As in every group of friends is the typical funny, which encourages the parties and gets the leg some time or other, in every office worth its salt must have a payasete that encourage those boring days on the job, provided that you do not you be the victim of his jokes, of course.
We are speaking of that person who worships the antics, and as if it were a small child, he spends all day scheming to know what can be your next blunder.
Below is a collection of the jokes of offices more diabolically ingenious than you can imagine:
1 – The folder magic
I created a new folder on the desktop of a co-worker called Porn of Russian Dwarfs and then took a screen capture and put it as background of your desktop. It was impressive the amount of time it took for an engineer to realize why I could not delete the folder.
2 – Change of family
One of my coworkers has a bunch of family photos all over your work space. I decided to go exchanging them bit by bit with my photos. I worked very hard to find images similar to replace. Even travelled to some of the places to copy the images.
Almost had changed all of them when another guy we worked with asked why I had so many pictures of me. It was funny to see as my friend, he explained that he was not obsessed with me or anything like that.
3 – Currency to currency
During two months I got in the locker room before my partner and I inserted a cent in his right boot. After about a week and a half I could see him completely unhinged. With the time, get the cent of his right boot became another task to their daily routine. I was no longer frustrated, just gave up.
Then, one day I decided to put the coin in his left boot. When he shook his right boot as usual, and saw that it did not fell nothing felt super relieved, as if he had removed a great weight from above.
When you put on the left boot simply lost his head. Launched the boot for the wardrobe with all his strength, cursing and screaming who was doing that. I fucked since then. Currently I have in mind putting a coin once a year just to remind you. No one knows that it was I who was behind this and I plan to keep it that way.
4 – Me las piro, vampiro
When I know that I am entitled to a raise or a promotion, and I say they have no budget, or that I have to wait a while, I start to wear suits to work. Not every day, maybe once or twice a week. I hope some time and again. So it seems that I’m going to job interviews during lunch or after work.
5 – What a cute kitty
I have hidden a small speaker in the wall of the office next door that emits a soft meow of a cat every 2 hours.
6 – What do I wear now?
There is a guy in my office who often comes to work in jeans and t-shirt, and only work clothes when you reach your office.

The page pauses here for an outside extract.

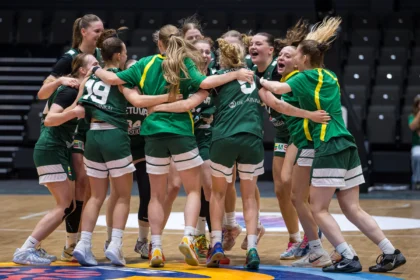 Women’s volleyball team huddles in green uniforms, arms around each other in celebration on the court.
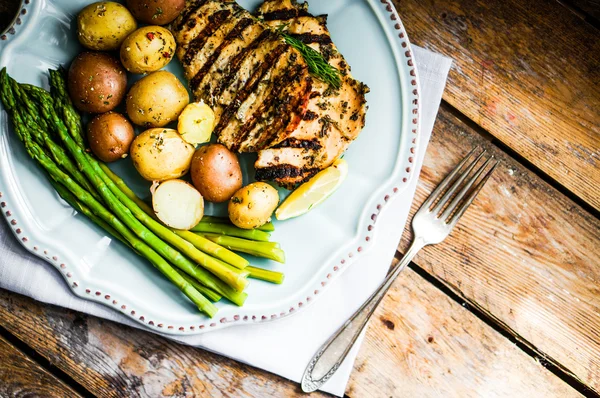 Pollo a la parrilla con patatas y espárragos sobre fondo de madera — Foto de Stock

A few years ago I came to the office around midnight, and I changed his clothes for a hawaiian shirt, basically the clothes tackiest I could find in a second-hand store.
When I got there the next morning, he was locked in his office. His secretary told me that he had had a week pretty much fucked in terms of work load and that he was in a bad mood. Finally, he came out with his jeans and his t-shirt. When he opened the door of the closet, he was probably in there for 10-15 seconds trying to get his brain processed what he had before.
Finally he began to laugh and put one of the sets more “discretitos”. They spent the rest of the day trying to discover who had done it. Meanwhile, people from all over the office came to contemplate the result of my elaborate plan. At the end of the day I ended up confessing. He swore revenge but he has made no attempt yet.
7 – oh Children, come to me!
I am a music teacher in a school in which I had some differences with the gym teacher. She would send the entire preschool class to mine telling them it was my birthday and that I loved the hugs. You can do that trick a couple times a month.
One day, I sent it back and told them that she loved that the people entered the feet. In terms of what they knew, they rushed on it and began stomping it. On another occasion he also told the children that they were my class, not to say anything and I look at you intently. Was the most creepy I have ever lived. There was where I won.
8 – The secret of the cloud
I installed “cloud to butt” on the PC of my coworker. For those who walk a little lost, this is an add-on to Chrome that changes all the entries of the word “cloud” appear “ass”.
Not be realized for months. Finally, he realized when I asked what he meant, one of the clients with the “upload the files to my rear“.
9 – Petaginas treacherous
I picked up a roll of stickers from the pharmacy that said “Only for rectal use” and pasted them randomly on pens, phones, staplers, and the cooler the water.
All was going well until our principal came in and threw us out of the fight despite not being able to stop laughing.
10 – little by Little
I sit next to a guy who is a good friend of mine and our desks are separated by a divider cell. Since I moved to his side for the last 2 weeks I’ve been moving the divider up an inch towards it every day. We are up to 13 cm and it has not yet been realized.